Let $M:=\begin{pmatrix}1 & 2 & 7 & 4 \\ 0 & 3 & -2 & 1 \\ 3 & 0 & 3 & 0 \\ 4 & 1 & 3 & 1 \end{pmatrix}\in M(4\times4,\mathbb{Z}/p\mathbb{Z})$, where $p$ is a prime number.
Assignment: Find the rank and the determinant of $M$.
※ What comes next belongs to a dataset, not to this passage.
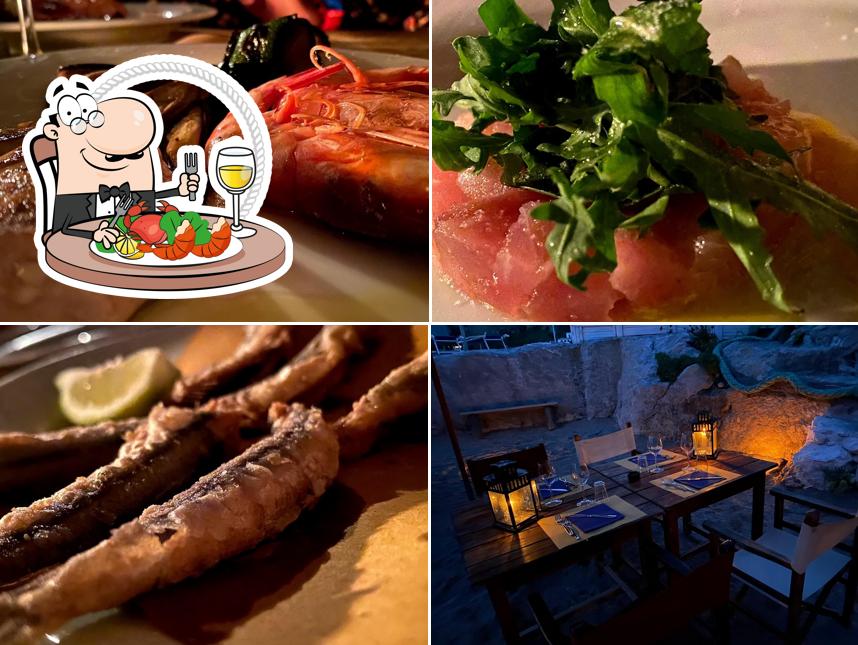 Prenditi la cucina di mare a Da Enzo al Frontone (Solo a vela)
My problem is that since $p$ is an arbitrary prime number, one has to do the calculation of the rank via row reduction in the following way:$$M=\begin{pmatrix}1\mod p & 2\mod p & 7\mod p & 4\mod p \\ 0 & 3\mod p & p-(2\mod p) & 1\mod p \\ 3\mod p & 0 & 3\mod p & 0 \\ 4\mod p & 1\mod p & 3\mod p & 1\mod p \end{pmatrix}$$
and trying to make $m_{3,1}=0$, in the next step we get
$$\begin{pmatrix}1\mod p & 2\mod p & 7\mod p & 4\mod p \\ 0 & 3\mod p & p-(2\mod p) & 1\mod p \\ 0 & 0+((p-3)\mod p)\cdot 2\mod p)\mod p & ... & ... \\ ... & ... & ... & ... \end{pmatrix}$$ and we can see that as one continues to row reduce the matrix, it continues to become more and more complicated-looking, with similar problems arising in the computation of the determinant.
I suggest you start with the determinant, not the rank. If you calculate the determinant of $M$, using any method of your choice, you'll get that this determinant is $-54$, or rather $$\det M=-54=-2\cdot3^3 \pmod{p}.$$ This shows that $M$ is invertible for any $p\neq2,3$. For these two remaining primes, you can work it out explicitly.